Some Network members observe that the path to inclusion grows steeper as they bring their learning from the project into their work lives. A deeper understanding of inclusion reveals more conflicts between practices that serve inclusion and common practice, as well as more areas in which person-centered work is poorly supported by the organizations and systems people rely on.
- Listening from a deeper level surfaces how much that people have to say about what they want in their lives and the kinds of support that work best for them. This not only identifies new capacities we need to develop, it also reveals how much we have not known about people.
- Greater awareness of people’s gifts, capacities and interests indicates how much our communities could benefit from their active participation and how much more our organizations could do to support their engagement in community settings.
- The power of active collaboration with people with intellectual disabilities highlights the number of opportunities missed to involve people in organizational decision making
Our organizations and their supporting policy and funding systems tend to be better at doing things for groups of people with intellectual disabilities than at assisting individuals to live in their own homes and participate fully in community life.

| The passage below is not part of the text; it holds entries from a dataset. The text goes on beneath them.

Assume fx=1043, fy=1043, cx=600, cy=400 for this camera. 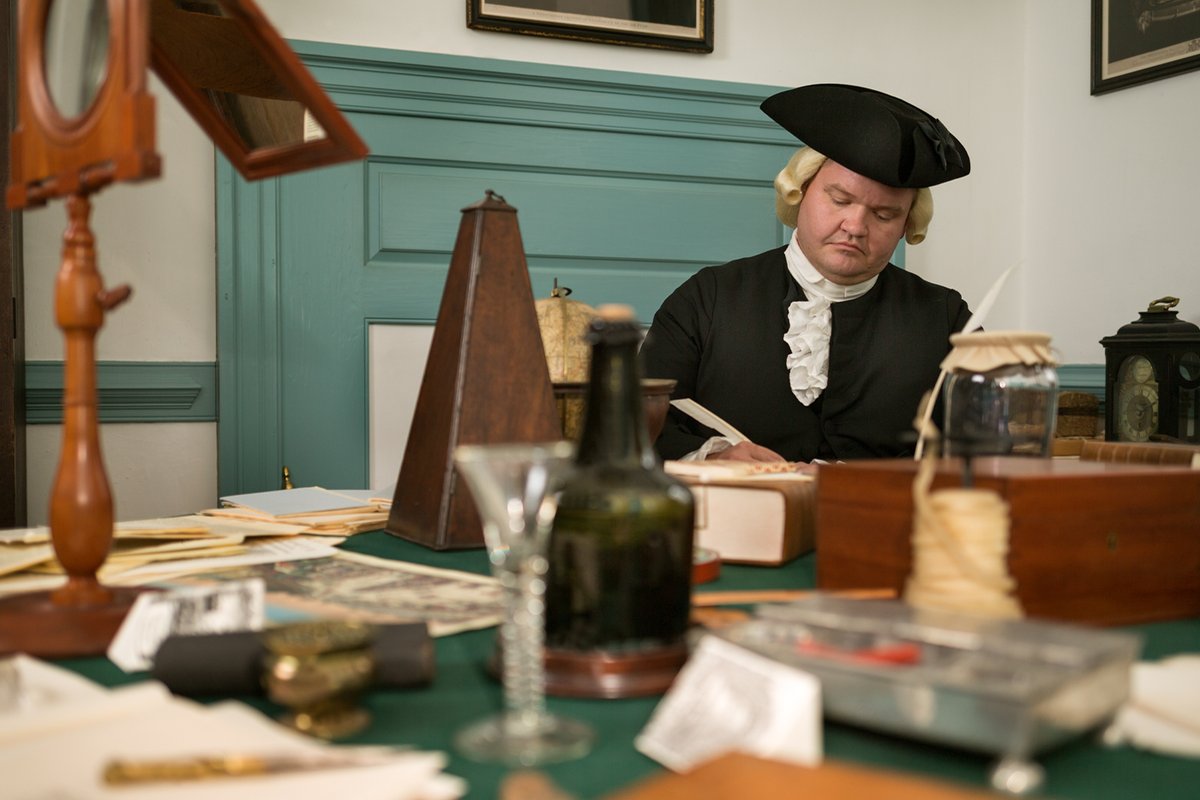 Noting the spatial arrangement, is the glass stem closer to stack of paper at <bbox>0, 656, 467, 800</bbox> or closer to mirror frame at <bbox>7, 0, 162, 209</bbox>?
stack of paper at <bbox>0, 656, 467, 800</bbox>

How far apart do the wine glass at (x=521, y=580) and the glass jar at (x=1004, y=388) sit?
692 mm

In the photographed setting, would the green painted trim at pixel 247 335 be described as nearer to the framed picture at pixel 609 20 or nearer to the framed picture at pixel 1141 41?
the framed picture at pixel 609 20

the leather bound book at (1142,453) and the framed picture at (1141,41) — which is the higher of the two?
the framed picture at (1141,41)

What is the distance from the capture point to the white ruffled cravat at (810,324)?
99.7 inches

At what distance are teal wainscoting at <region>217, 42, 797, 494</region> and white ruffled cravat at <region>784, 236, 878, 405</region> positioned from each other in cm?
63

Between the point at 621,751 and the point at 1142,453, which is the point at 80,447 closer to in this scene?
the point at 621,751

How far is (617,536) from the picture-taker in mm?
695

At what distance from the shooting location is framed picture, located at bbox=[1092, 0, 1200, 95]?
3.01 meters

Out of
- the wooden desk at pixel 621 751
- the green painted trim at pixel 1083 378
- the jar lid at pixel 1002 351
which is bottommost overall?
the wooden desk at pixel 621 751

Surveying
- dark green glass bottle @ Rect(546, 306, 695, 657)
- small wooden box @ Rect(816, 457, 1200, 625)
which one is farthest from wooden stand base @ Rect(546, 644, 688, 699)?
small wooden box @ Rect(816, 457, 1200, 625)

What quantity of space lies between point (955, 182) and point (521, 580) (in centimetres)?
328

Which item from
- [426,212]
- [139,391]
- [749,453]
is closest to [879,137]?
[749,453]

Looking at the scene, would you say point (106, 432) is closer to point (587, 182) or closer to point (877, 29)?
point (587, 182)

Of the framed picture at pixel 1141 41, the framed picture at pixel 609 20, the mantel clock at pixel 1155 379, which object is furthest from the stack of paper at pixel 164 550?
the framed picture at pixel 1141 41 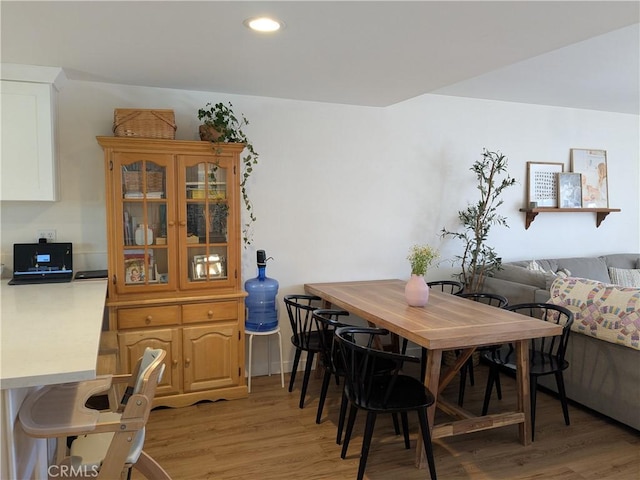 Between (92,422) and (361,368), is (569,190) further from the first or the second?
(92,422)

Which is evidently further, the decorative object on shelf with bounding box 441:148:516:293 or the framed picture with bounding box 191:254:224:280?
the decorative object on shelf with bounding box 441:148:516:293

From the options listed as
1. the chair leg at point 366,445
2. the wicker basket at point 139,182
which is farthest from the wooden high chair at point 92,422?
the wicker basket at point 139,182

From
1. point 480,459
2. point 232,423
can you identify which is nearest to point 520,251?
point 480,459

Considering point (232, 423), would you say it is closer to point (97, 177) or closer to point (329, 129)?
point (97, 177)

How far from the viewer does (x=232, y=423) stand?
3176 mm

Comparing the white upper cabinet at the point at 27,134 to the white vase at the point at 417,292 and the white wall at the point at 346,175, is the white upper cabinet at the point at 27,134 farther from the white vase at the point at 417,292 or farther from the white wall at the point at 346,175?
the white vase at the point at 417,292

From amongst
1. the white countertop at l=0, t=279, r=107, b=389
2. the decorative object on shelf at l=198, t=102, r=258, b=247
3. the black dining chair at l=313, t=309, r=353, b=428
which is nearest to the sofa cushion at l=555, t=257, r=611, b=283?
the black dining chair at l=313, t=309, r=353, b=428

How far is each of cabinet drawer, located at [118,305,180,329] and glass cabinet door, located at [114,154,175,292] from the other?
0.16 metres

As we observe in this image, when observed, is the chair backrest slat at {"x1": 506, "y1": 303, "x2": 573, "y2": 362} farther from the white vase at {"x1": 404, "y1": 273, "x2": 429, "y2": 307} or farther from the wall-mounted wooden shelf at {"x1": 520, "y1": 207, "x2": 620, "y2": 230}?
the wall-mounted wooden shelf at {"x1": 520, "y1": 207, "x2": 620, "y2": 230}

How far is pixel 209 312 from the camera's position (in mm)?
3453

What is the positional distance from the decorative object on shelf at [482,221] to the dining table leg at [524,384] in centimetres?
150

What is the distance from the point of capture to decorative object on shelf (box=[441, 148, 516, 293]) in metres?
4.36

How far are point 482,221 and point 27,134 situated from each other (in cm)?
374

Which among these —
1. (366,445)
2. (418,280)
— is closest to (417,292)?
(418,280)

Many of the structures and roles that brought us to the point where we can see a better future cannot take us into that future. Efforts to change current service arrangements have generated conflict for some network members.
Some members have found reason to question their own assumptions and reconsider their roles. They have reacted to this by reconstructing their story of their work history in light of their deepening understanding of inclusion.
This can mean creating space for others to act, stepping back and letting go of the urge to control the details of every initiative while continuing to offer a supportive presence. It means making time to listen and assuring that others have time for reflection and thinking.
Other members, having tried reform within current structures, now question whether those structures can ever support the necessary change. There is an important point of strategy at stake here. Recognizing that the “nothing about us without us” principle requires the active involvement of people with disabilities in steering change, it is critical to engage people in the most potentially fruitful work.
The extent of change we need to create is one thing. The way to go about making change is another. People can’t be given marching orders for the path to inclusion. Commitment to the values of equality and inclusion and to developing the openness of mind, heart and will are necessary. There is no manual of arms adequate to control the effort, we have to make the way by walking it together.